[Ian Morgan]
> I can raidhotremove the (simulated-)faulty disk, and then physically remove
> it. Next, I put the disk back in physically. I then want to run raidhotadd to
> add the disk back into the array and begin reconstruction.
>
> Problem is, when I run raidhotadd, the system totally locks up solid. I've
> tried giving it time to come back to life, but nothing happens even after
> several minutes, and the system is so dead that the software watchdog is
> also toast.
In my experience, any drive manipulation (in terms of what's attached,
what's seen by the kernel, etc) that locks up the machine has been
strictly a device driver problem. Assuming this is SCSI, it may
help to do the add-single-device/remove-single-device commands as
per drivers/scsi/scsi.c lines 2389 and 2447 respectively (2.2.15 src).

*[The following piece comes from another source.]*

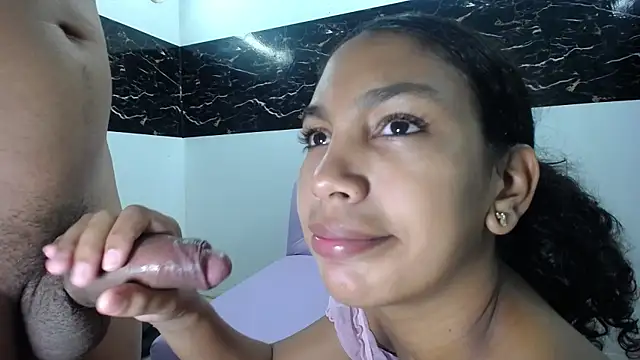 Snapshot of Party_Star1 chatting on February 2026 03:44:02 AM Party Star1 online show from February 2026 03:44:02 AM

If the initial detachment didn't propogate up the device removal through
the driver, the reattachment may have caused some problems (creating
data structures already there and populated, scribbling over valid
values... who knows). Just a guess.
> kernel: 2.2.16pre2 SMP
reproducible on 2.2.15 proper?
> raid: mingo's raid-2.2.15-A0
> tools: raidtools-19990824-0.90
>
> Is this a known problem? Am I using the right procedure to replace a faulty
> disk? Would a raidstop/raidstart work? Isn't there a way to replace a drive
> without taking the array down? The HOWTO is not very detailed in this area
> of reconstruction. It makes it sound like this should all be a no-brainer.
James